Unlike my normal spoiler posts, this includes spoilers the whole way through. You have been warned.
Poirot invites Hastings to come to Styles Court to go hunting with him for one
last time. He has identified five cases of murder, where the obvious suspect was arrested and often found guilty, sometimes even confessing to the deed, and yet he insists that they were in fact all carried out by a mysterious X who is one of their fellow guests. Poirot believes X is planning to kill again and hopes to forestall him but this time he may have met his match.
My somewhat negative thoughts about this book are perhaps rooted in the fact that I foolishly read the end of it for the first time in a secondhand bookshop as it was one that we didn’t have at home. I still have no idea why I did it and I really wish I hadn’t as I never appreciated its undoubted cleverness properly but psychologically I just don’t think things would have happened to these characters as they do.
Poirot is so adamantly against murder (although he has on occasion let a killer go free or take an easier way out than the hangman’s rope) that I feel he should have been able to find another way. I do however enjoy the fact that Hastings becomes an unwitting killer by turning the revolving bookcase thus switching the poisoned cup back to Mrs Franklin.
All in all though, as Poirot’s final case, it is a must read, and a great improvement on some of his later cases.
Recurring Character Development
Hercule Poirot
His health has been deteriorating for some time. He is now crippled by arthritis and has to use a wheelchair.
Captain Hastings
His wife has died.
He has four previously unmentioned children. One boy in the Navy, the other married and running the family ranch in the Argentine. Grace has married a soldier and is living in India. Judith is staying at Styles with her employer and his wife.
Signs of the Times
Written in the early 1940s, although deliberately held back from publication until the 1970s, the story is set maybe at most five years’ after the end of WWII, which causes a problem given that Poirot continued his career well into the 1960s. Maybe this is what happened in a parallel universe?

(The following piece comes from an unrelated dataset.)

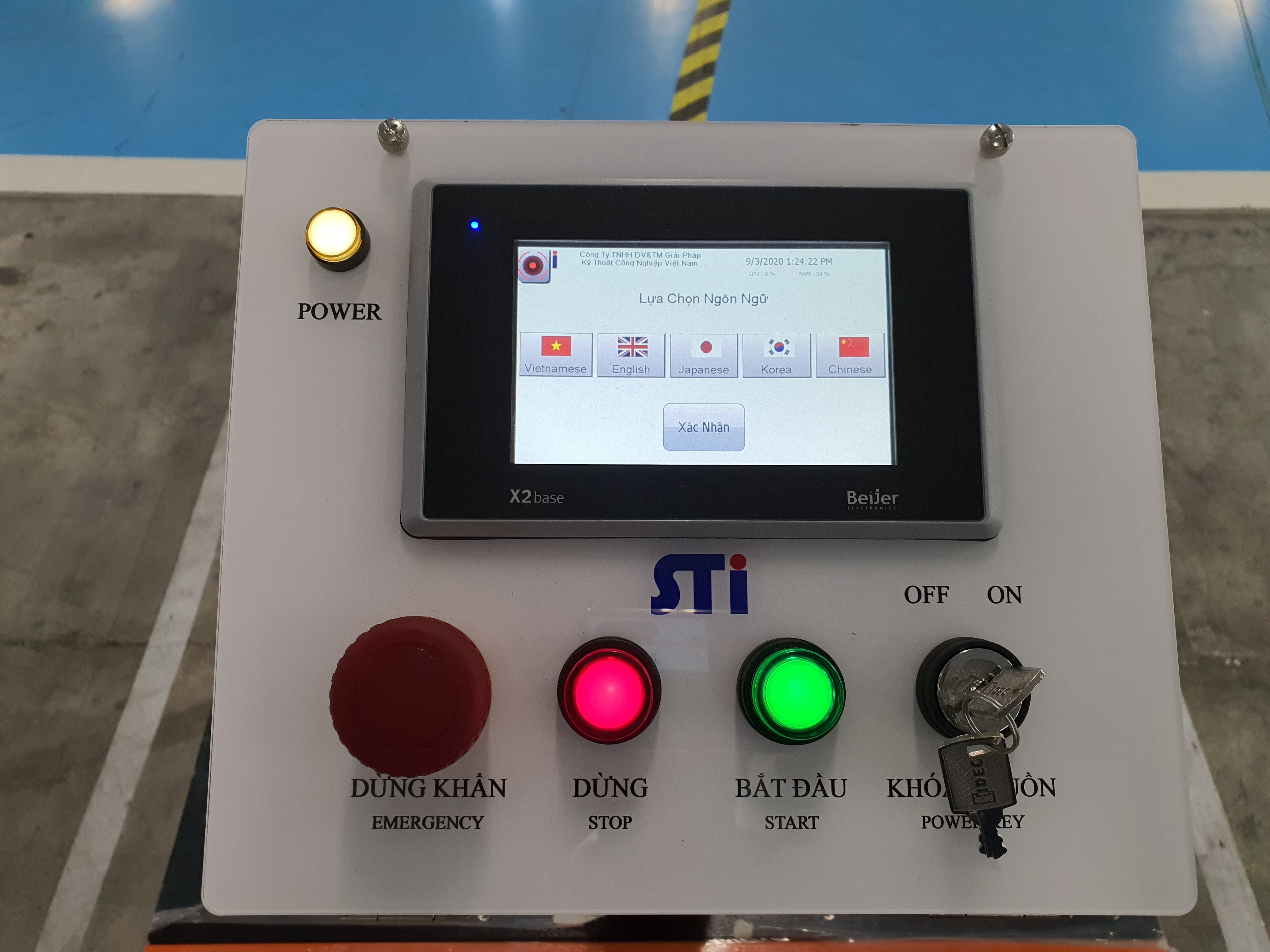 IIoT tích hợp
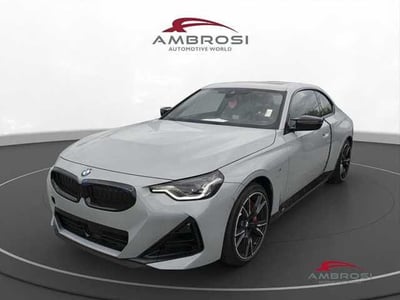 BMW Serie 2 Coup&eacute; M240i Coupe xdrive MSport Pro auto nuova a Viterbo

References to previous works
As on his first visit to Styles, Hastings sees a woman gardening as he enters the grounds, not Evelyn Howard this time, but Mrs Luttrell.
There is a slight spoiler for “The ABC Murders” and slightly more for “Sad Cypress” although Hastings refers to Evelyn Carlisle when he means Elinor Carlisle.
Poirot refers to an Iago type killer in “Peril at End House”:
“Such a jealousy as drove the Iago of your great Shakespeare to one of the cleverest crimes (speaking from the professional point of view) that has ever been committed.”
“Why was it so clever?” I (Hastings) asked, momentarily diverted.
“Parbleu – because he got others to execute it. Imagine a criminal nowadays on whom one was unable to put the handcuffs because he had never done anything himself.”
It is interesting that Poirot uses “when” rather than “if” in “Death in the Clouds” when replying to Inspector Japp who jokes that he is the murderer because the blowpipe was found down the back of his seat: “When I commit a murder it will not be with the arrow poison of the South American Indians.” Later Japp says ” Well, detectives do turn out to be criminals sometimes – in story books.”
They banter again in “Murder in the Mews” which leads Poirot to say: “My dear Japp, if I committed a murder you would not have the least chance of seeing how I set about it! You would not even be aware, probably, that a murder had been committed.”
The short story “The Dream” collected in “The Adventure of the Christmas Pudding” ends thus:
“I wonder of you’ll ever commit a crime, Poirot” said Stillingfleet.” I bet you could get away with it al right. As a matter of fact, it would be too easy for you – I mean the whole thing would be off as definitely too unsporting.”
“That,” said Poirot, “is a typical English idea.”
“The ABC Murders” includes the following prophetic exchange:
“I shouldn’t wonder if you ended by detecting your own death,” said Japp, laughing heartily. “That’s an idea, that is. Ought to be put in a book.”
“It will be Hastings who will have to do that,” said Poirot, twinkling at me.
“Ha, ha! That would be a joke, that would,” laughed Japp.